Other, large-scale features are also common amongst godspawn life, from the way that tissues are formed and arranged to various details and structures of creatures' external anatomy, all of which are remarkably common across the universe.
Another anomaly that godspawn theory attempts to explain is that life is more common that it should be. Although exact figures are only estimates, the least extreme results say that three times as many sapient species have evolved than should have naturally occurred, and it should also be noted that godspawn biospheres outnumber truly alien biospheres by more than a hundred to one.

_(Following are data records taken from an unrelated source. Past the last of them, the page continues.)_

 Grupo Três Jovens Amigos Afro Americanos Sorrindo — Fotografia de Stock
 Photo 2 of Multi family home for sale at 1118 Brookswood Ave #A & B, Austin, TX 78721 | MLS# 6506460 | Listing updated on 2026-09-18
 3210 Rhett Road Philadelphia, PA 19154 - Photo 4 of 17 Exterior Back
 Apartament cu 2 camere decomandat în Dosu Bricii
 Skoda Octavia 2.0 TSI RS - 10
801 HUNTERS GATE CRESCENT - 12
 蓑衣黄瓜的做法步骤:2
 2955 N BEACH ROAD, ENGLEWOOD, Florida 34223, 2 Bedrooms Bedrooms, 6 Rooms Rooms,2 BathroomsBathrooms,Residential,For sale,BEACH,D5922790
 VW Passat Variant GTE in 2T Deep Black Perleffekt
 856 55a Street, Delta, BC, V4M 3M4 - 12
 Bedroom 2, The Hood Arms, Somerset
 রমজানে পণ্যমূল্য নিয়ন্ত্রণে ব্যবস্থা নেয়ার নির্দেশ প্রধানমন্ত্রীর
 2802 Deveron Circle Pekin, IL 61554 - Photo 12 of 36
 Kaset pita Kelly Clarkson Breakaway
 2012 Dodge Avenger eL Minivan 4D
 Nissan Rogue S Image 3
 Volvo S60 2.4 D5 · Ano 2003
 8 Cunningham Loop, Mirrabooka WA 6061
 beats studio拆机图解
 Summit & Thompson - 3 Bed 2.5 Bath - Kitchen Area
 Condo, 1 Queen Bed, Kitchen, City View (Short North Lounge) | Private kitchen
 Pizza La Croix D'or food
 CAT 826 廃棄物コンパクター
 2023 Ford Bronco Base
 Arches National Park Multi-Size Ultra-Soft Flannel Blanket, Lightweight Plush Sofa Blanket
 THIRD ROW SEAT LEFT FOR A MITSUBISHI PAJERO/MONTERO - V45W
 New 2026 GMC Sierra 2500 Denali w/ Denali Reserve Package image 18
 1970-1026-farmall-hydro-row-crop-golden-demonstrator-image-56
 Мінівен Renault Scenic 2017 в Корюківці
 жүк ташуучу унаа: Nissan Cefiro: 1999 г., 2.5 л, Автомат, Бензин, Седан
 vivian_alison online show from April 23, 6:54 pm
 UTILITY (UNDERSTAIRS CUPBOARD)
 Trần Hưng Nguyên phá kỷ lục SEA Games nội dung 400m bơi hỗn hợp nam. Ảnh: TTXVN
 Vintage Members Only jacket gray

The reason why godspawn life is so common in the universe is debatable, and no clear answers have emerged. Most researchers in the field believe that they are the result of Ultraterrestrials or Essentials ("godraces", hence the theory's name) somehow tampering with nature.
Panspermia, and other forms of direct transferal of organisms, is known to have occured throughout the universe, but it is rejected as being the sole cause of all godspawn life for several reasons. Most damning is that there are also many planets which have records of abiogenesis in the fossil record. Furthermore, the existence of non-carbon-based life with godspawn features would require the primoridial ancestors of such organisms to have been designed alike to carbon-based ones, which is widely considered to be an inefficient means of biogenesis.
After the Quest for Cosmospawn, the events that time period have become the most popular source of explanations for the ubiquity godspawn life, usually invoking Essence-based mechanisms. The "angel plasma" theories state that the actions of either the Xhodocto alone, the interactions between the Xhodocto and the quark-based Vida'Rra, or (less often) the Vida'Rra themselves, altered the very fabric of the universe to engender a tendency for godspawn life to arise. It is often expected that Life Energy is the force that would be responsible, although the vessel used in the godspawn mission apparently saw no signs of its use. Alternatively, the Vida'Rranlora theory maintains that the use of Dream Energy to create the second epoch of Vida'Rra had side-effects across the entire universe, either deliberately or inadvertently, inducing material lifeforms to appear with analogous characteristics via morphic resonance.
- The idea that phyiological similarities between organisms on different planets can be explained by alien interference in the distant past originates in other sci-fi, such as the origin of humanoids in Star Trek. Furthermore, Spore is shown to feature panspermia at the start of the game.
- Ghelae applied this concept to the origin of humanoids in one of his Spore games, with a non-humanoid species - spiritual precursors of the Tentekh - exterminating all humanoid life they came across. The concept was soon extended from humanoids to all species made using the Creature Editor, which should be thought of as the out-of-universe description of most godspawn life.